This latter process being based upon electrostatic phenomena, is not concerned with photosensitive silver salts, nor the transfer of silver images. The other transfer processes are based upon the photosensitivity of silver halides. But, both of these latter transfer processes require intermediate chemical processing to effect image transfer; in none is developed silver transferred directly. In the diffusion transfer process, the processing fluid itself acts as a medium for transferring silver complexes, and usually a special receiving sheet having silver precipitating nuclei is required to precipitate silver from the complex silver salts at the receiving sheet. On the other hand, the dye silver process requires the formation of special dye silver complex before transfer can be effected, and the transferred image is constituted of these dye complexes rather than simple silver.

Accordingly, a principal object of the present invention is to provide novel methods for producing photographic records. Particularly, the methods of the invention involve coherent images formed of developed silver particles on a substrate of silver halide and the mechanical transfer of such images from the substrate to a transfer material, thereby forming an essentially silver halide-free image upon the latter, while leaving the substrate substantially silver-free. The mechanical transfer is achieved through preferential adhesion of the developed silver images with the transfer material. Other objects of the present invention are to provide a transfer process of the type described wherein is employed a photosensitive sheet material formed as a binder-free, particulate silver halide stratum on an appropriate base material; to provide a transfer process of the type described wherein the silver halide stratum has been sensitized to provide either a direct positive or a negative; to provide a transfer process of the type described in which exposed silver halide is developable by either wet or dry processing compositions; and to provide a transfer process of the type described in which a developer composition is carried by a receiving sheet to which the developed silver image is transferable by adhesion.

Still other objects of the present invention are to provide novel processing sheets, novel receiving sheets, and novel coating compositions for protecting silver images, all adapted for use with the transfer process described. Yet other objects of the present invention are to provide novel transfer processes by which a single image or a plurality of successive images, either negative or positive in type, can be obtained from a single latent image by mechanical transfer of developed silver through adhesion.

Other objects of the present invention will in part be obvious and will in part appear hereafter. The invention, accordingly, comprises the method and compositions respectively comprising the steps and procedures, and combination of elements, which are exemplified in the following detailed disclosure, and the scope of the application of which will be indicated in the claims.

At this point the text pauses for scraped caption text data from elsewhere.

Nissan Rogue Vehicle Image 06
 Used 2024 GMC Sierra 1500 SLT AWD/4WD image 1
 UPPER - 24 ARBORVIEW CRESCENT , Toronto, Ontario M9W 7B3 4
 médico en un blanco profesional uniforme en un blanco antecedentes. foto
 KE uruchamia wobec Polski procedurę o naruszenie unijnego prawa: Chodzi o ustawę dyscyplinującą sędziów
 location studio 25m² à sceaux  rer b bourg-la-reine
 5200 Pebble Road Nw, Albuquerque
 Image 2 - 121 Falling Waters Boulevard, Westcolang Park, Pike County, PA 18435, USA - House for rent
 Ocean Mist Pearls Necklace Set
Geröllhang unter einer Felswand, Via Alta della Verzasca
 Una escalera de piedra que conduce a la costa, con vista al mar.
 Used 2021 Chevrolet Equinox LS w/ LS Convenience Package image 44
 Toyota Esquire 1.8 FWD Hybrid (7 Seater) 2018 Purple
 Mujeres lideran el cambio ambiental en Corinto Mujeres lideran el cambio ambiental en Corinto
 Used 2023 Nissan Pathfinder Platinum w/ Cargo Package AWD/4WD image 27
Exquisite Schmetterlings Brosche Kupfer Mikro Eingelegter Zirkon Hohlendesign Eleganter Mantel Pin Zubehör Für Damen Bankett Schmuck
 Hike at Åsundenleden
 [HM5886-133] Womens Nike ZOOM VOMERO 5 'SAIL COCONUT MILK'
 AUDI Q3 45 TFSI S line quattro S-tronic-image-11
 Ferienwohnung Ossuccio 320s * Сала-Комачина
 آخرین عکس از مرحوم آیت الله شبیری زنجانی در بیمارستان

For a fuller understanding of the nature and objects of the present invention, reference should be had to the following detailed description, taken in connection with the accompanying drawing in which is shown an exemplary embodiment of the invention.

The methods of the present invention preferably employ a photographic element such as photosensitive sheet material comprising a binder-free, particulate stratum of silver halide mounted upon an appropriate base material as shown in the drawing; particularly a silver halide deposited upon the base sheet in the form of an evaporated film as by vacuum deposition techniques. Among appropri ate base materials are baryta paper (paper coated with, for example, barium sulphate in gelatin): vitreous materials such as glass', cellulose esters, e.g., cellulose acetate, cellulose butyrate, cellulose propionate; synthetic polymeric resins such as Mylar (polyethylene terephthalate), polystyrene, polyvinyl chloride, vinyl chloride-vinyl acetate copolymer; and other polyesters, polyarnides and the like.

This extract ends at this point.